What needs to be done »
Copying rule for the data below: pictures stay out, and only the lines from the one with "Then your video" down to the one with "Next, I'm going", inclusive, are repeated exactly.

Start of Block

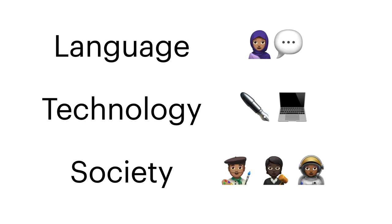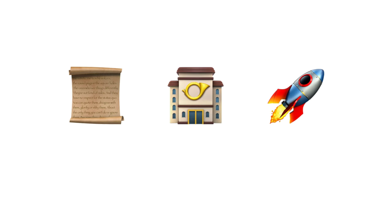This course deals with the interrelated nature of language, technology, and society. In this course, we will discuss the invention of writing as a language technology and discuss how that gave rise to a series of cultural revolutions.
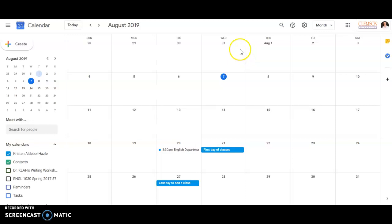Hey, it's Dr. Claw here with a quick tutorial on how to print your Gmail calendar to a PDF.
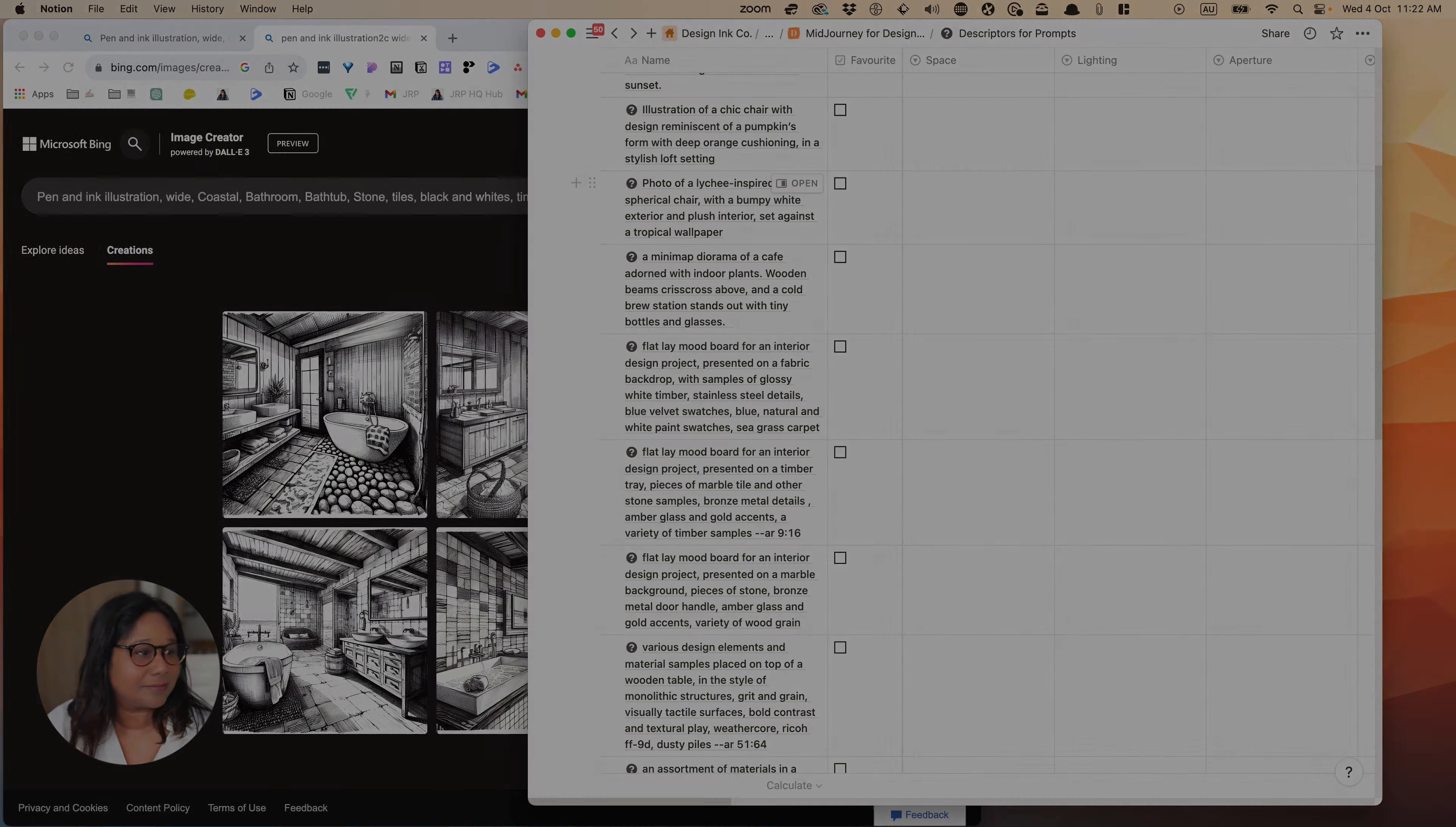So if you would like a copy of this template for descriptors and for your experimentation, I'll leave a link in the comments and have fun. See you in the next video.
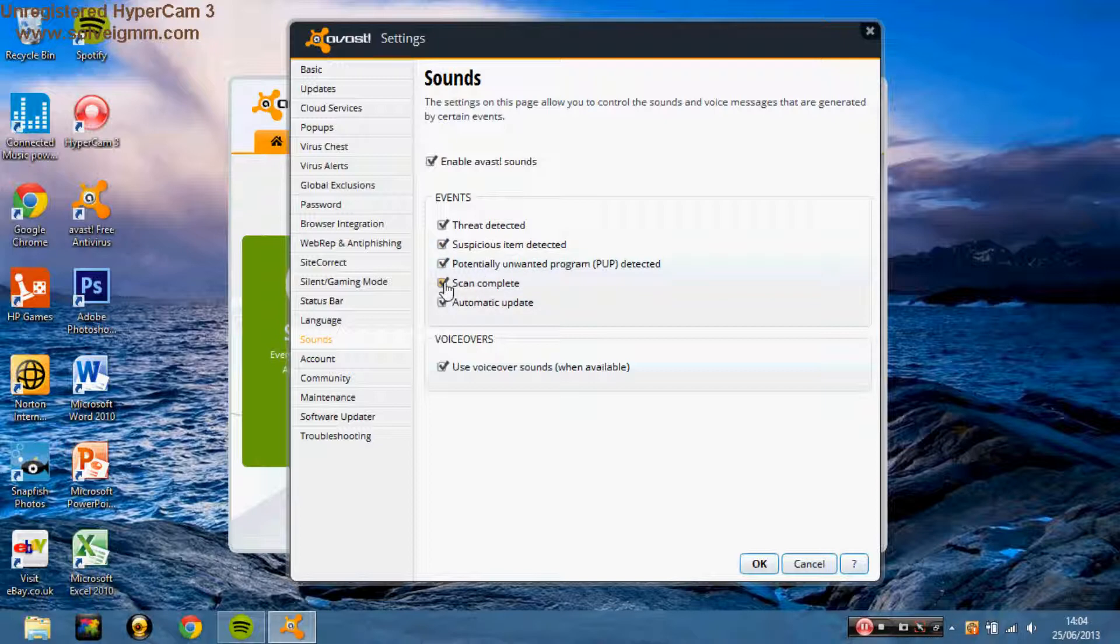You probably don't want scan complete because that's quite annoying. You probably don't want automatic update because that's annoying.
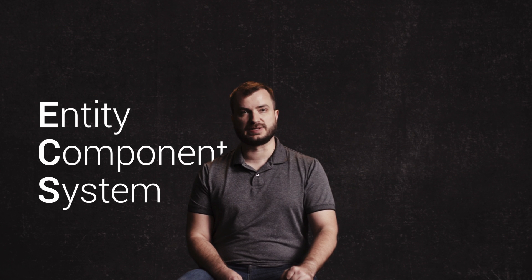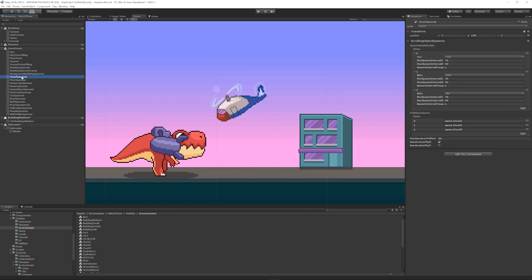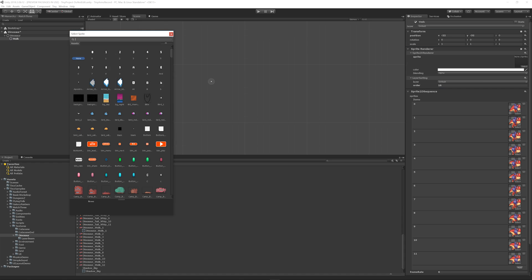Project Tiny is at the core based on an entity component system architecture. Everything is an entity. All the data lives in components, and systems are the way data is transformed from one to another.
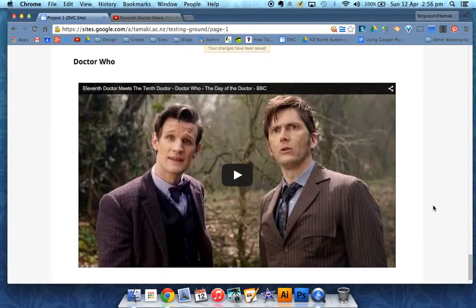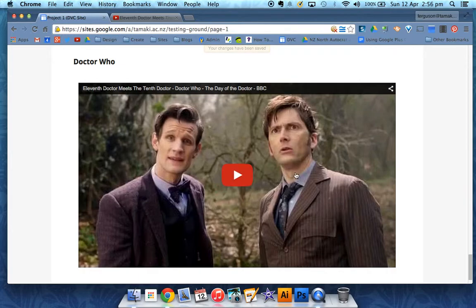Then your video is there, ready to play within your site page.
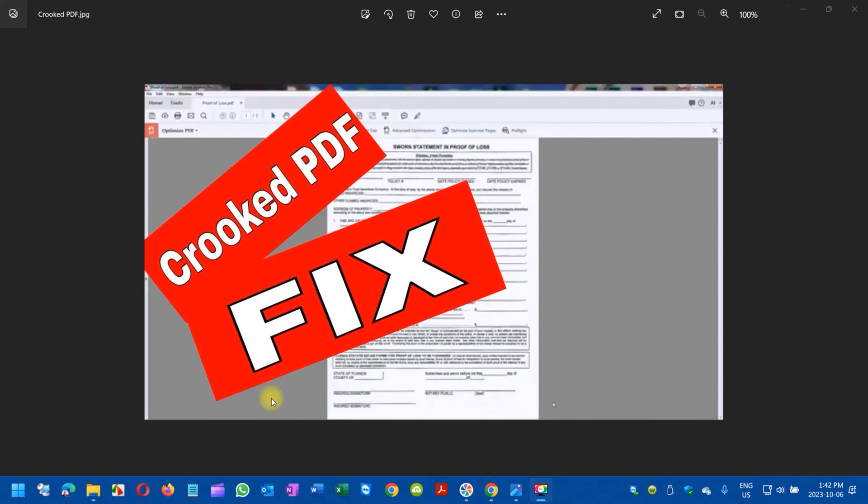Hi, good afternoon folks. Today I'm going to show you how you can straighten a crooked PDF in Adobe Acrobat.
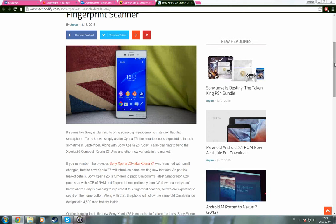So yeah, there's already rumors and stuff about the Z5 that it could come out later this year actually.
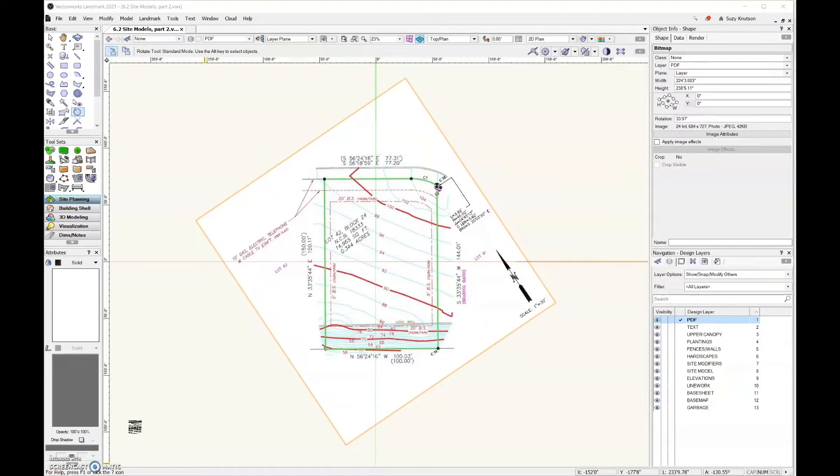Next, I'm going to start tracing my lines. Now, a few important notes about this. The order in which you trace the lines matter.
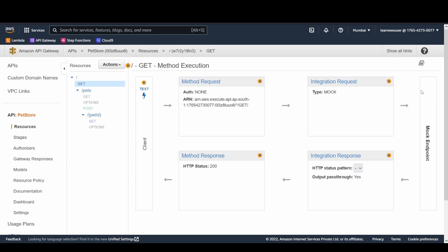The method request receives what the client sends. The integration request configures your backend and forwards the request. Once the backend processes it, the integration response receives the backend's reply. The method response lets you specify HTTP status codes and modify the response before sending it back to the client. API Gateway acts as a proxy in the middle.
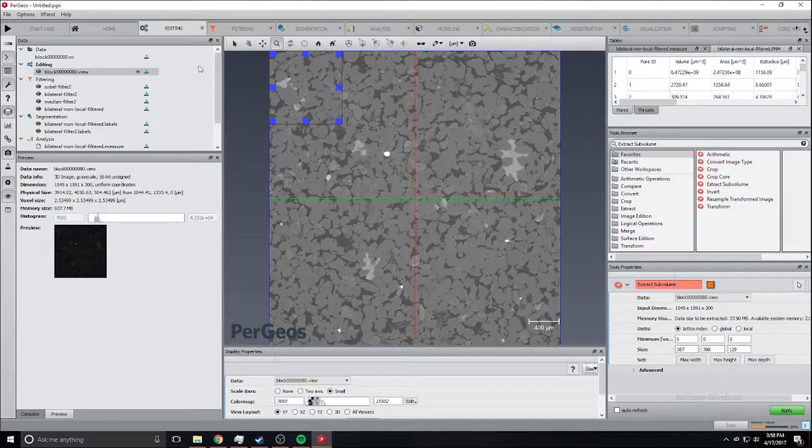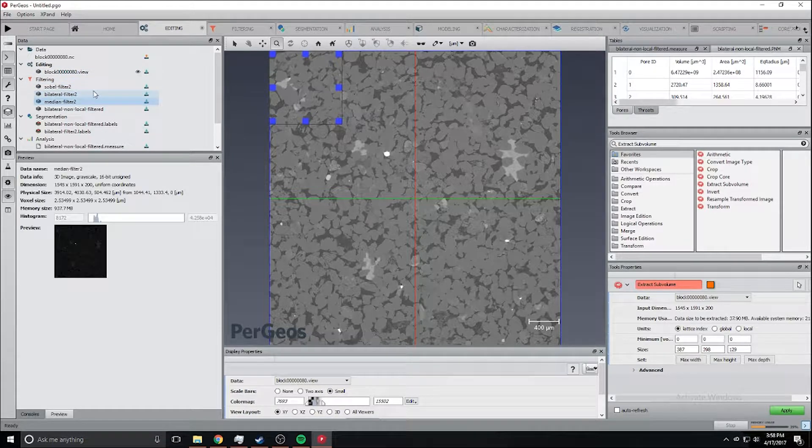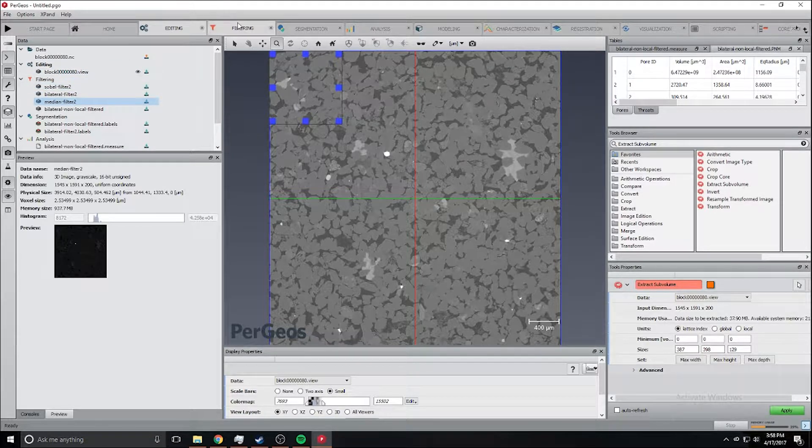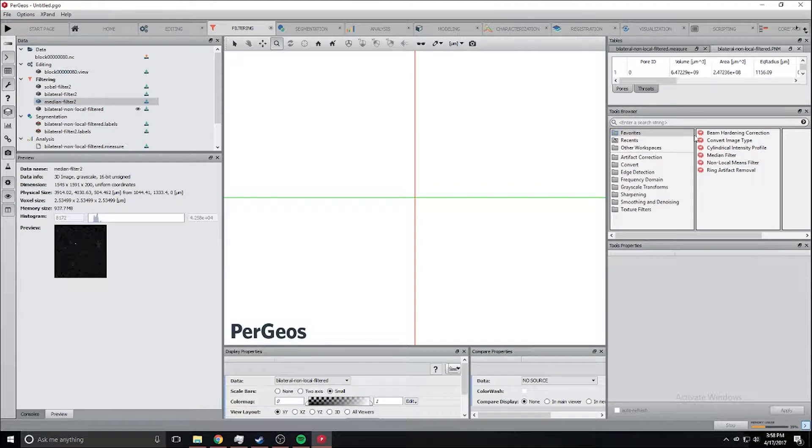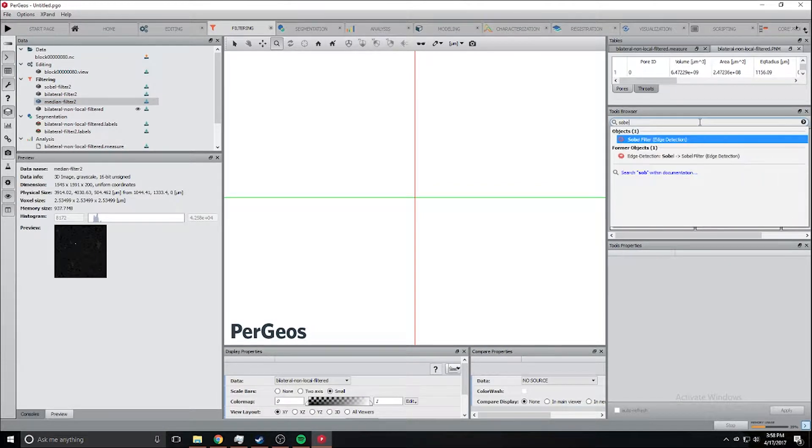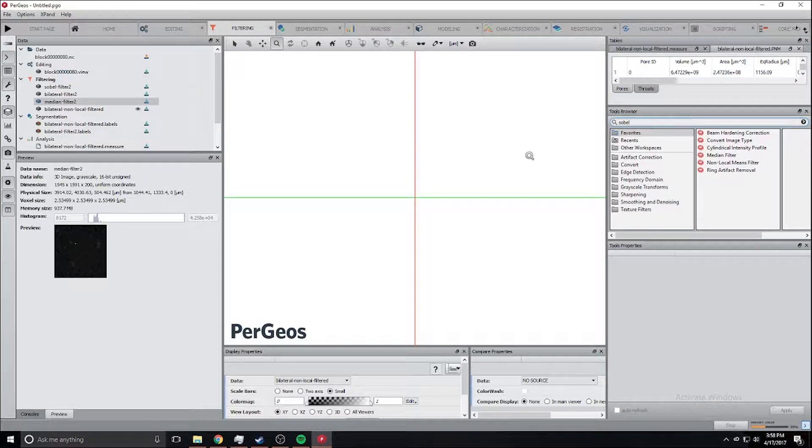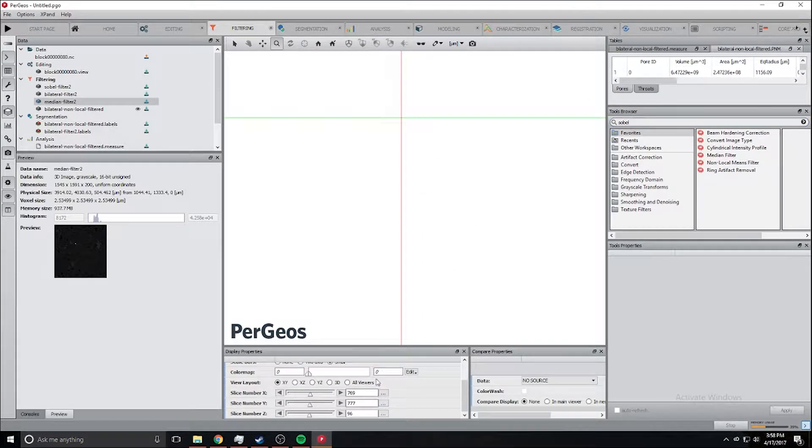We want to apply the Sobel filter, bilateral filter, and a median filter. You can do this all by just searching those filters in the filter workspace. Let's go over what each of these filters does.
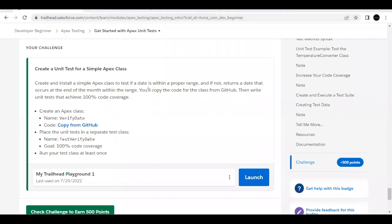Hello everyone. Welcome back to another video of Trailhead Explanations. In this video, we are going to cover the unit 'Get Started with Apex Unit Test' from the module Apex Testing. This is the first unit of this module.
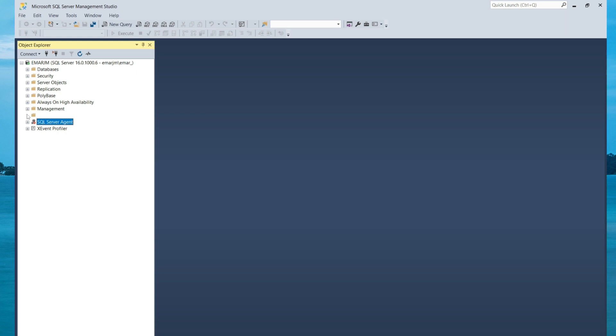A new error log is created each time the instance is started. Although if you wanted to create a new log, you can use the sp_cycle_errorlog stored procedure to get this done. So in this case, you won't have to restart your server.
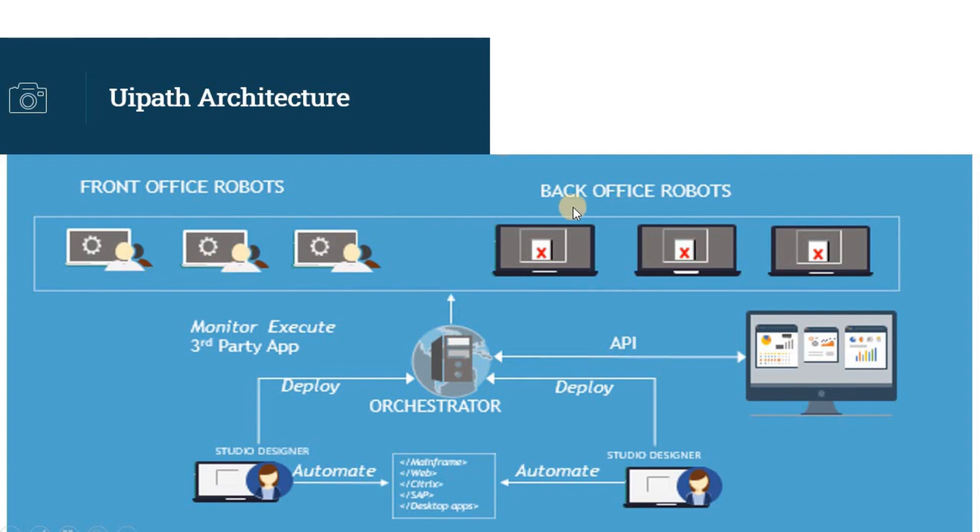On the other hand, we have back-office robots that are unassisted robots. This type of solution is called unattended automation, which runs without any human interactions.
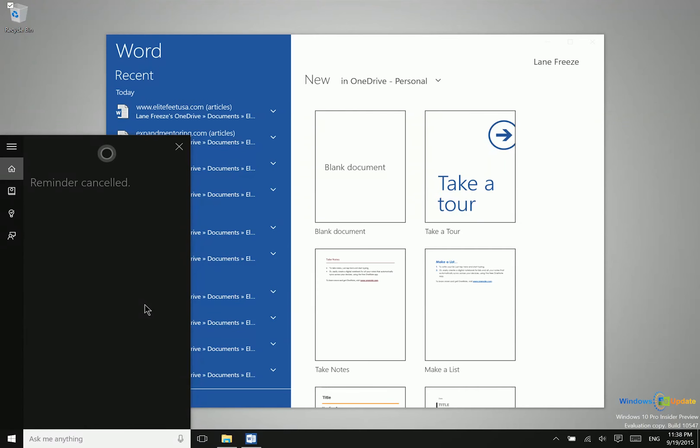And these reminders can be contextual as well. If you do take your computer home with you from work, you could say something like, remind me to call my mom when I get home. Something like that. Or remind me to email Jim when I get home. So as long as you have certain information saved into Cortana, those sort of contextual reminders will help you as well.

End of Block

Response to the exercise »
Then your video is there, ready to play within your site page.
Hi, good afternoon folks. Today I'm going to show you how you can straighten a crooked PDF in Adobe Acrobat.
So yeah, there's already rumors and stuff about the Z5 that it could come out later this year actually.
Next, I'm going to start tracing my lines. Now, a few important notes about this. The order in which you trace the lines matter.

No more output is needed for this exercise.